People are sad for those leaving, at first, but, as time goes on, they start trying to justify why they were let go. Housecleaning, cutting the deadwood, he/she was in over his/her head. You could probably add to the things people say about their co-workers, trying to explain why they are still employed and their co-workers are gone. It is an understandable reaction. None of us want to think that we could just walk into work one day, be terminated, and have to walk out with that box of belongings as everyone watches.

Each of us reacts differently to being terminated or fired. Some of us think it is kind of funny. After all, how can they live without us? The company will surely go under now that we are no longer there, and that will serve them right. Others cry, some yell, and people like me just move on. My philosophy is that once they start laying off people like me, I don't want to work there anymore anyway.

The first time I was terminated in a general lay off, I was not at all surprised. I had been with that company more than 13 years. I was a nomad technical writer, moving from group-to-group, and I was between projects when the company was bought out by another company. I was told that 10 percent of the employees had to be let go as a condition of the buy out. Of course, getting a severance package that included six months of pay (two weeks of pay for every year I had been there) kept a smile on my face as I made that long trip to my car.

I was lucky that time. Another lady who left the company when I did mentioned my name to a guy who had worked with me a while back. I was hired by his boss as a contractor. That job came to me and it lasted almost three years. The Y2K panic was a disaster for the small contract company and I was unemployed on and off the last six months I worked there. Fortunately, a couple of friends got me back in at the company that bought the company that bought company I had worked for three years earlier with them. As I understand it, I missed some really rocky times while I was gone. The second buy-out had happened about a month after the first buy-out that left me unemployed. That job lasted almost seven years, and through many lay offs, before it was my turn again. Seven years meant more severance pay, which ran out just about the time I found my next job.

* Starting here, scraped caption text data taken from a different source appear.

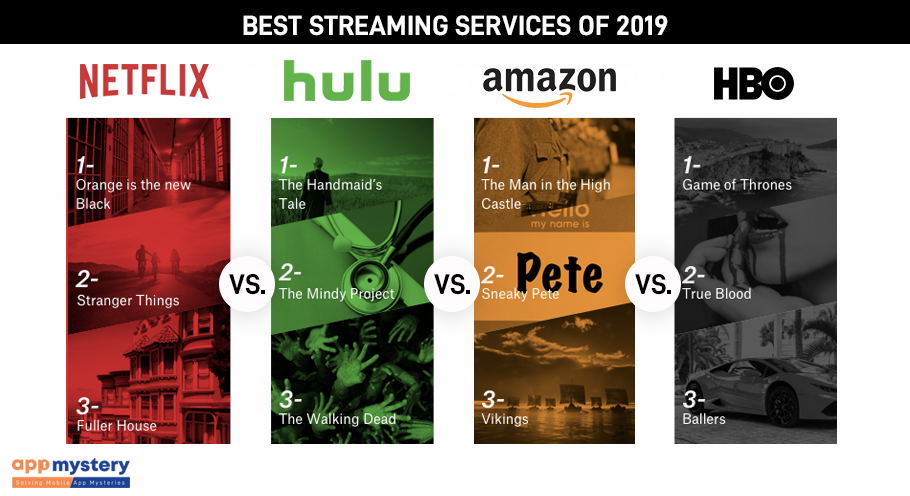 Best Streaming Service 2019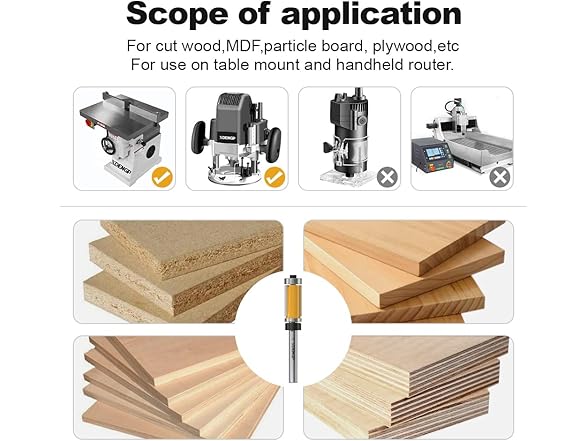 XDENGP Top and Bottom Bearing Flush Trim
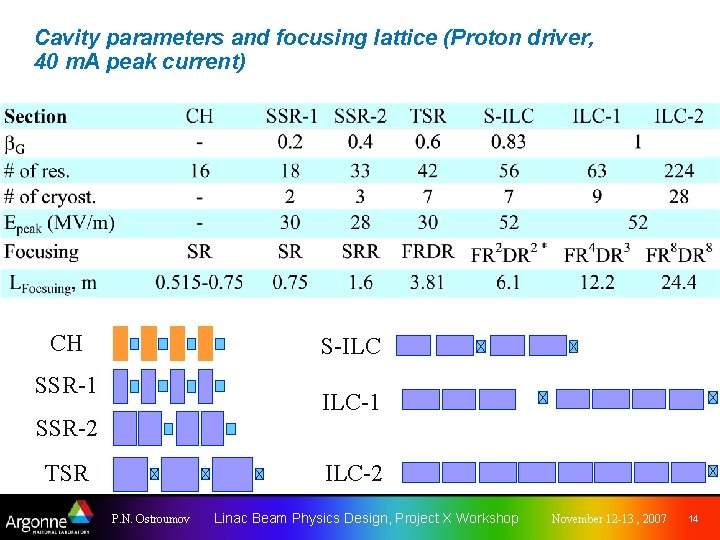 Cavity parameters and focusing lattice (Proton driver, 40 m. A peak current) CH S-ILC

My wife has never liked the insecurity of my being a contractor. I have not really had much of a choice as I get older. I have had several jobs as a contractor where the manager offered me a permanent job within the first week. Sometimes I have accepted and sometimes I have not. The point being, contracting can get you in the door, so people can see what you can do and what you are like, and then they might offer you a permanent job.

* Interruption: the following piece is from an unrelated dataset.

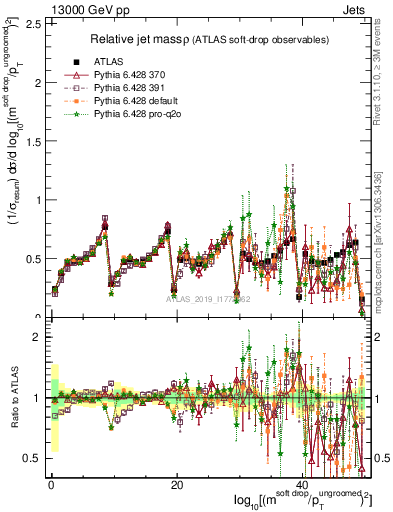 Plot of softdrop.rho in 13000 GeV pp collisions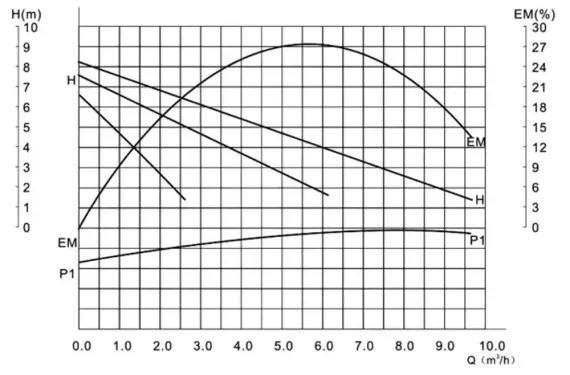 IBO OHI 40-80/200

What I have not mentioned is all the ups and downs I went through when I was between jobs. A couple of summers ago, when I was laid off again, I got a severance pay amount equivalent to about 11 weeks of pay (for that seven years of employment). I could have gone a little longer because of unemployment benefits. I was getting the maximum amount, I think, which is close to $400 a week. I was at about week 12 when I was offered the job that I have had the last couple of years. During that 12 weeks, I went through just about every emotion you can think of.

As far at the lay off, I did not blame myself. I know that it was not due to my abilities. The first time I was laid off, I had met with my new manager earlier that morning, got a rave review, and received a raise, which was used to compute my severance pay amount. Most of the lay offs I have gone through are truly just an exercise in downsizing. I don't think I have ever seen any housecleaning lay offs or getting rid of the deadwood lay offs. However, I sometimes think the best and highest paid employees are picked to be laid off in order to open up new opportunities for the employees that remain, and those leaving can find better opportunities. That has happened to me. My job losses have actually resulted in better jobs at the next company. If the past is any indication, my next job should be a dream.

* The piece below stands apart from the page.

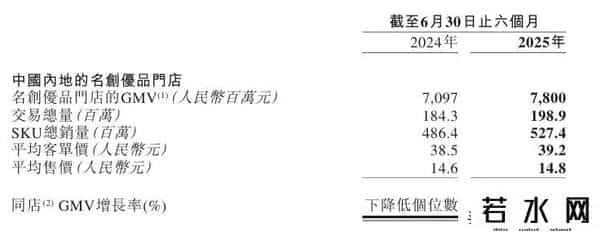 TOPTOY,名创优品旗下潮玩品牌TOP TOY，估值100亿！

So I have never had any emotional problems about the jobs I have left, but that does not mean I have not fretted over finding a job. Am I too old to find as good a job as I have had? Are there any good jobs out there? Are my cars and my house going to be repossessed? Is my family going to starve? I wonder if I am really as talented as I think I am. You name it. Every negative thought that you can imagine will fill your mind at one time or another when you are unemployed.

Being unemployed and trying to find a job is about as emotionally distressing a thing as you will ever live through. My dad and grandfather were both self-employed house painters. When they were unemployed at times, they probably just felt that they were between projects. I have tried to develop that mental attitude: I am just between projects. As I carry my box of personal items out of the building where I have just been laid off, I am already wondering where my next project will be, what the people will be like there, and what that future company does or makes.

Don't get me wrong, I still have those depressing days that I think I have worked for the last time, on my last project, but I get over it. I have to. I have a family, a large dog, and a parrot to support.